* [TRY IT] Exactly reproduce the lines beginning with the line that includes "Imagem do imóvel AP49683" and ending with the last line of the data.

(Short descriptive text snippets)
■ ■ ■ ■ ■

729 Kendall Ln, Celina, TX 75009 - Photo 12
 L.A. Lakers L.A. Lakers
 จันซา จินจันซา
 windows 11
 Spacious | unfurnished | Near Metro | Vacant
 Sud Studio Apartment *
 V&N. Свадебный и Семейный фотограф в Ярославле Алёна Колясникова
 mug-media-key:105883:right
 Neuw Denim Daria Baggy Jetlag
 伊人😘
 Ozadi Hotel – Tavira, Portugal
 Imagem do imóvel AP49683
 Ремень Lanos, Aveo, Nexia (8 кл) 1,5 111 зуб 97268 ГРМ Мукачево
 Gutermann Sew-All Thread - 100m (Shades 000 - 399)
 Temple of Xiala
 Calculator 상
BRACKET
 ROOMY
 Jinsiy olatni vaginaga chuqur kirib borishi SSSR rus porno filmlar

■ ■ ■ ■ ■

* [RESULT]
 Imagem do imóvel AP49683
 Ремень Lanos, Aveo, Nexia (8 кл) 1,5 111 зуб 97268 ГРМ Мукачево
 Gutermann Sew-All Thread - 100m (Shades 000 - 399)
 Temple of Xiala
 Calculator 상
BRACKET
 ROOMY
 Jinsiy olatni vaginaga chuqur kirib borishi SSSR rus porno filmlar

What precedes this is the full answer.